Problem description =
Copy out the whole listing below exactly.

********

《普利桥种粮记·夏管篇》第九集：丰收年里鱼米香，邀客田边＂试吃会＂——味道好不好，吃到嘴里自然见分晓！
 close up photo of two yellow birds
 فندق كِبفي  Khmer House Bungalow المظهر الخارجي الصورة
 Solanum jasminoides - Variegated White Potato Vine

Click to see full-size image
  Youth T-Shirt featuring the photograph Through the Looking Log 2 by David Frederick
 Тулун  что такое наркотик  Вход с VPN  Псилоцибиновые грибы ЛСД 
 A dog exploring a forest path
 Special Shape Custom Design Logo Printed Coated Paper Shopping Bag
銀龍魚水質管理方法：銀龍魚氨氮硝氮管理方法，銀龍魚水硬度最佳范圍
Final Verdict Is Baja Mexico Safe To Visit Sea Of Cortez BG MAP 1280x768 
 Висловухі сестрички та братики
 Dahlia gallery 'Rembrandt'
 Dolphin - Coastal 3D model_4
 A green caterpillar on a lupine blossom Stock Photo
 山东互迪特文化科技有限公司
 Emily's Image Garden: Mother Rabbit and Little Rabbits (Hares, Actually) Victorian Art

********

Solution =
《普利桥种粮记·夏管篇》第九集：丰收年里鱼米香，邀客田边＂试吃会＂——味道好不好，吃到嘴里自然见分晓！
 close up photo of two yellow birds
 فندق كِبفي  Khmer House Bungalow المظهر الخارجي الصورة
 Solanum jasminoides - Variegated White Potato Vine

Click to see full-size image
  Youth T-Shirt featuring the photograph Through the Looking Log 2 by David Frederick
 Тулун  что такое наркотик  Вход с VPN  Псилоцибиновые грибы ЛСД 
 A dog exploring a forest path
 Special Shape Custom Design Logo Printed Coated Paper Shopping Bag
銀龍魚水質管理方法：銀龍魚氨氮硝氮管理方法，銀龍魚水硬度最佳范圍
Final Verdict Is Baja Mexico Safe To Visit Sea Of Cortez BG MAP 1280x768 
 Висловухі сестрички та братики
 Dahlia gallery 'Rembrandt'
 Dolphin - Coastal 3D model_4
 A green caterpillar on a lupine blossom Stock Photo
 山东互迪特文化科技有限公司
 Emily's Image Garden: Mother Rabbit and Little Rabbits (Hares, Actually) Victorian Art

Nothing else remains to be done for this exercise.